(Beginning of PROVIDED DATA)
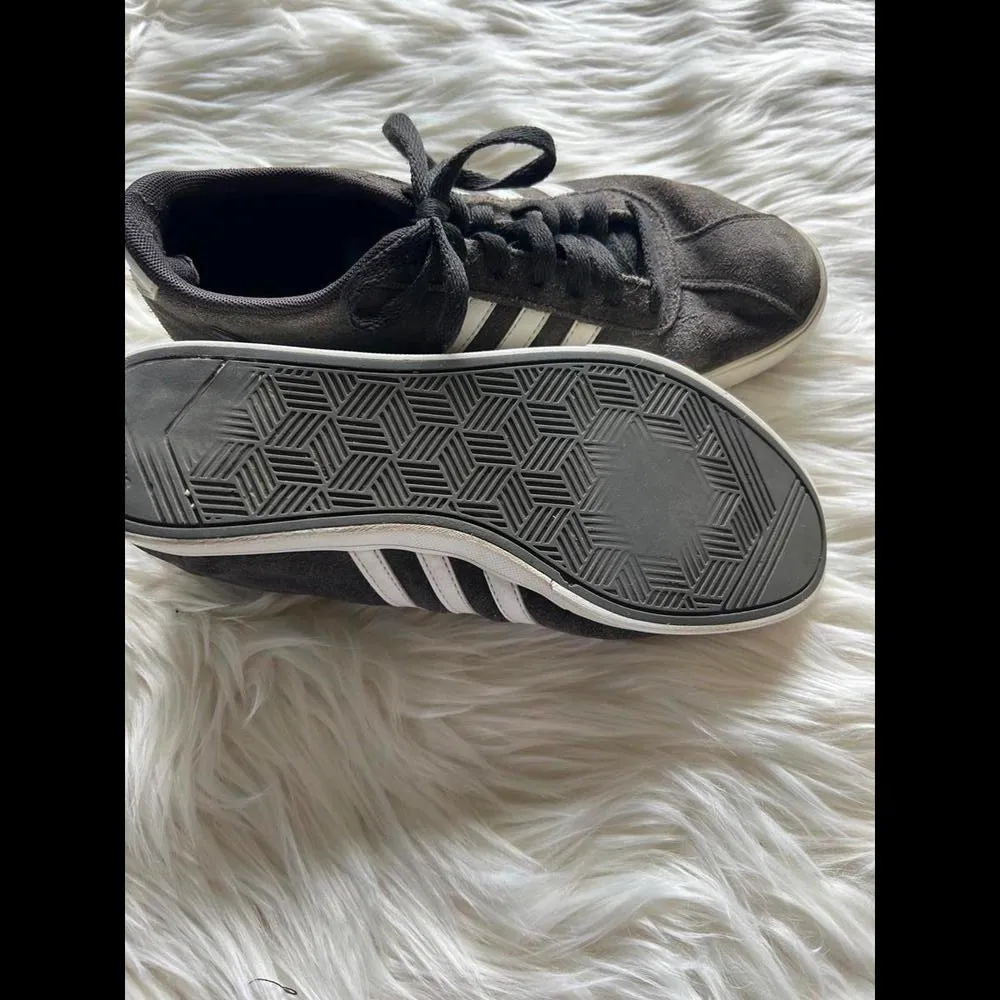 Women’s Adidas Neo Courtset sneakers size 8 - Image 8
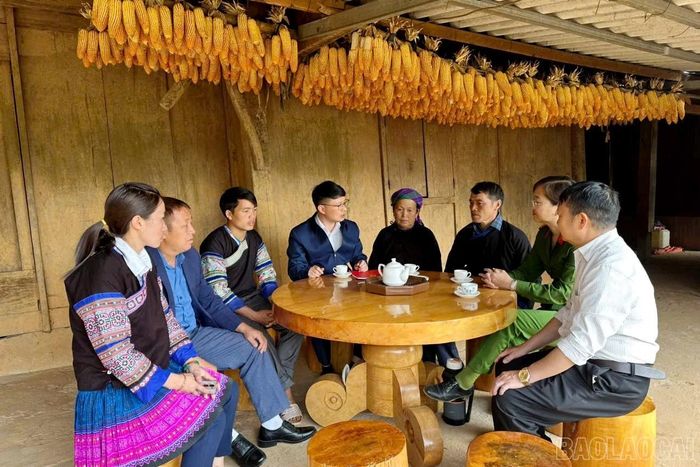 Tuy còn gặp nhiều khó khăn, nhưng đội ngũ cán bộ từ tỉnh đến cơ sở luôn bám sát thực tế và phục vụ Nhân dân.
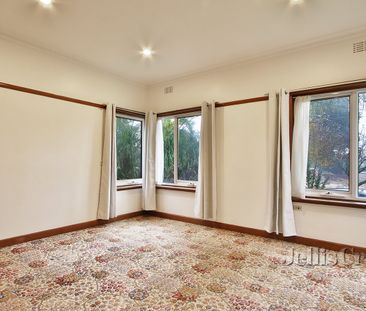 4 Malcolm Court, Mount Waverley - Photo 3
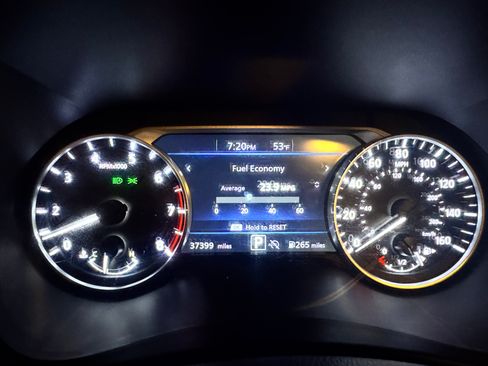 Used 2024 Nissan Sentra SV image 19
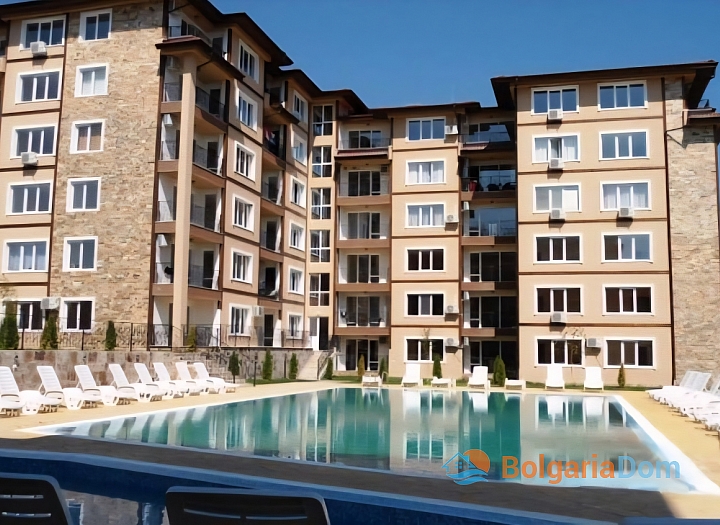 Apartment with a pool view, 100 meters from the sea. Photo 19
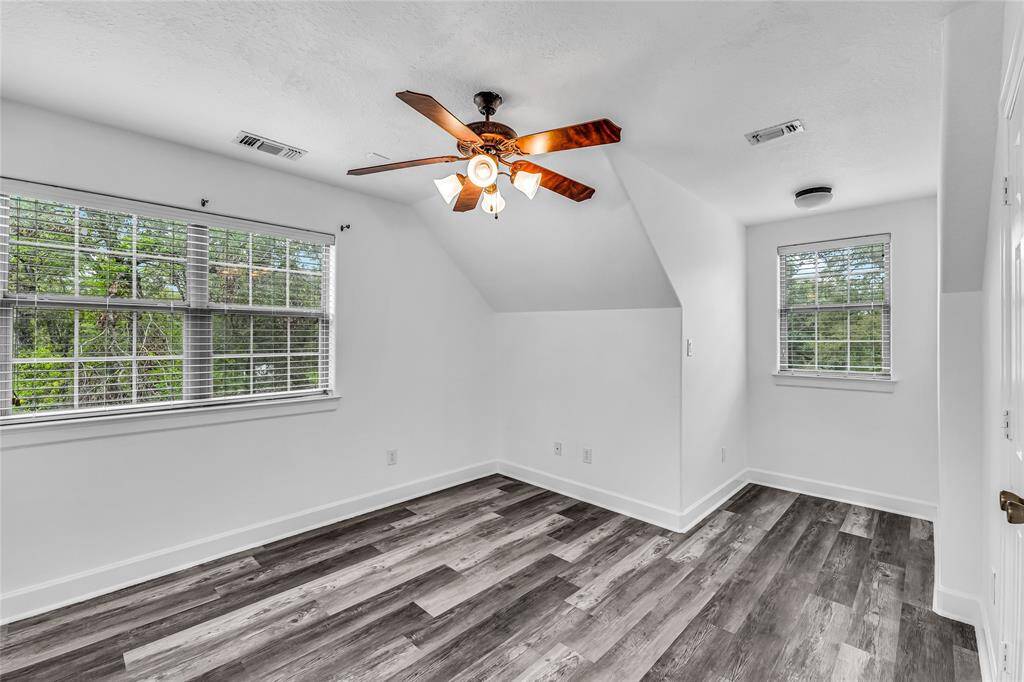 Upstairs secondary room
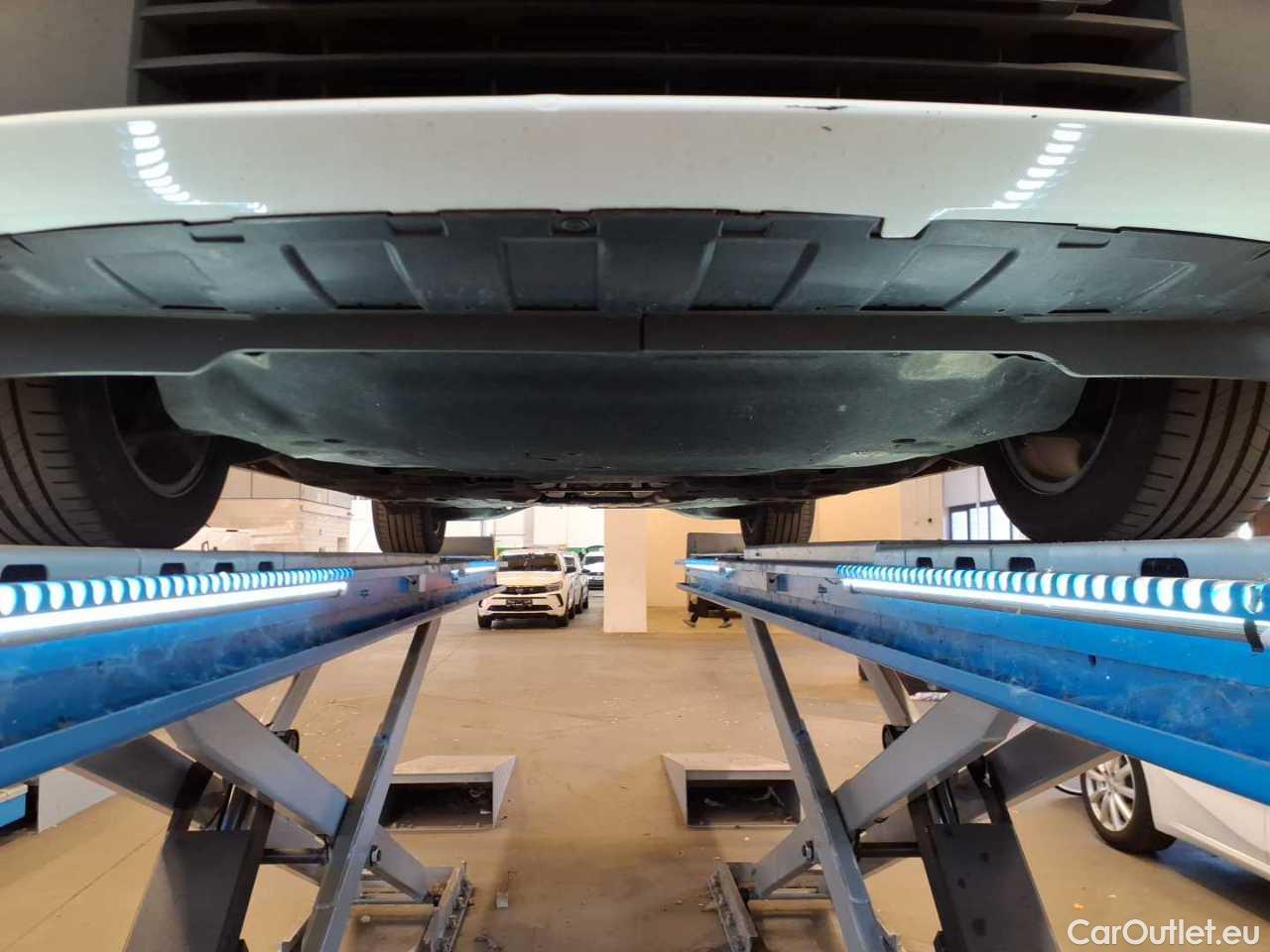 Opel  Insignia SPORTS Tourer 2.0 Diesel Aut. Business Automatic Diesel  40 #25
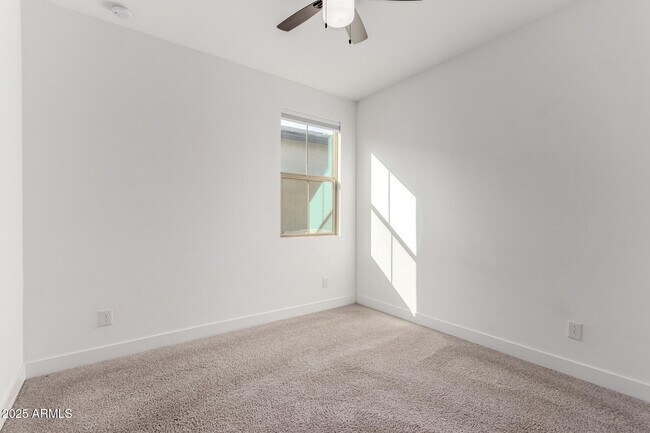 Building Photo - 12399 W Forest Pleasant Pl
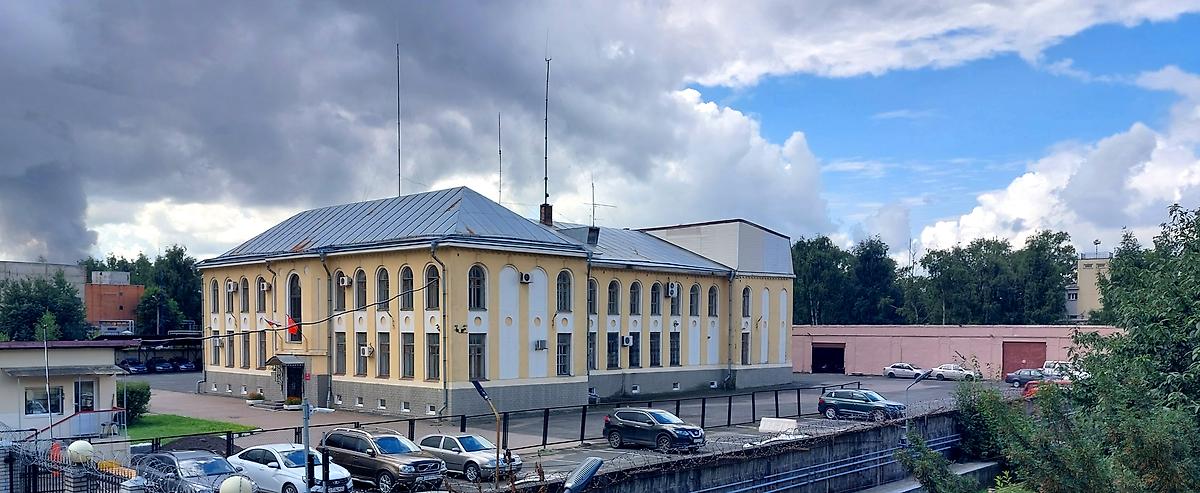 общий вид в ландшафте. Домовая церковь Николая Чудотворца при бывшем Доме трудолюбия Невского общества пособия бедным, Невский район (Санкт-Петербург, г. Санкт-Петербург)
(End of PROVIDED DATA)
◆ **HOW TO COMPLETE THIS TASK**: Each line above should be written out again unchanged; no images are to be carried over.

◆ **RESULT FOR THIS TASK**:
 Women’s Adidas Neo Courtset sneakers size 8 - Image 8
 Tuy còn gặp nhiều khó khăn, nhưng đội ngũ cán bộ từ tỉnh đến cơ sở luôn bám sát thực tế và phục vụ Nhân dân.
 4 Malcolm Court, Mount Waverley - Photo 3
 Used 2024 Nissan Sentra SV image 19
 Apartment with a pool view, 100 meters from the sea. Photo 19
 Upstairs secondary room
 Opel  Insignia SPORTS Tourer 2.0 Diesel Aut. Business Automatic Diesel  40 #25
 Building Photo - 12399 W Forest Pleasant Pl
 общий вид в ландшафте. Домовая церковь Николая Чудотворца при бывшем Доме трудолюбия Невского общества пособия бедным, Невский район (Санкт-Петербург, г. Санкт-Петербург)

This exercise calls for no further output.